Philips Lighting has become the first corporate partner to join The Climate Group’s three-year Clean Revolution campaign. The partnership aims to speed up the global switch to LED lighting, which offers extraordinary opportunities for significant cuts in both energy use and worldwide carbon-dioxide emissions, according to the participants.

The Climate Group is an independent, not-for-profit organization working with governments and business leaders to advance policies, technologies and financing that will accelerate low-carbon economic growth. In December 2009, The Climate Group launched its LightSavers program of outdoor LED lighting demonstration projects.

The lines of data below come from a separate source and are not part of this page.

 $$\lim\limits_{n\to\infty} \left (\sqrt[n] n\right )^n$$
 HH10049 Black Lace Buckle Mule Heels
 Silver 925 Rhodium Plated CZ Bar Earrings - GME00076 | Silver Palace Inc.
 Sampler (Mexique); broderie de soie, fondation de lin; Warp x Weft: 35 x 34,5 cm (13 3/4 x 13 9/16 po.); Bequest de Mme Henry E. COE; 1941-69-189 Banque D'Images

The participants believe that LED lighting also provides important social benefits, such as higher productivity at work, increased road safety, more-effective school learning and an enhanced sense of well-being and comfort at home, in buildings and on streets.

Marc de Jong, CEO of Professional Lighting Solutions, at Philips, said: “We have joined the Clean Revolution campaign as we believe it is an excellent avenue to further strengthen the case for LED lighting that can lead to dramatic savings in energy and spur low carbon growth, while enhancing people’s feeling of security and comfort on streets, in buildings, and at home.”

“This partnership underlines our commitment as a leading health and well-being company to drive the wave of innovative LED lighting and provide meaningful solutions that improve people’s quality of life.”

Mark Kenber, CEO of The Climate Group, said: “Over the next three years we will be working with Philips to highlight the opportunity for governments and corporations in investing in the low-carbon economy with a focus on expanding the use of what is one of the most promising smart technologies, LEDs.”

Kenber said that the Lightsavers program had seen LED-lighting pilots in ten global cities, including Hong Kong, London, New York and Mumbai. “Our cooperation with Philips will allow us to further highlight the great cost-savings and energy efficiency improvement LEDs provide and catalyze a low carbon transformation in lighting around the world,” he said.

Currently, lighting accounts for around 19% of global electricity production. A full switch to LED lighting could reduce energy consumption for lighting by 40% worldwide. This translates to approximately 130 billion euros in running costs and 670 million tons of avoided carbon-dioxide emissions per year.

Furthermore, the switch to LED lighting could cut back the need for capital investment in new electricity-generation capacity of over 1 trillion euros – or some 640 power plants.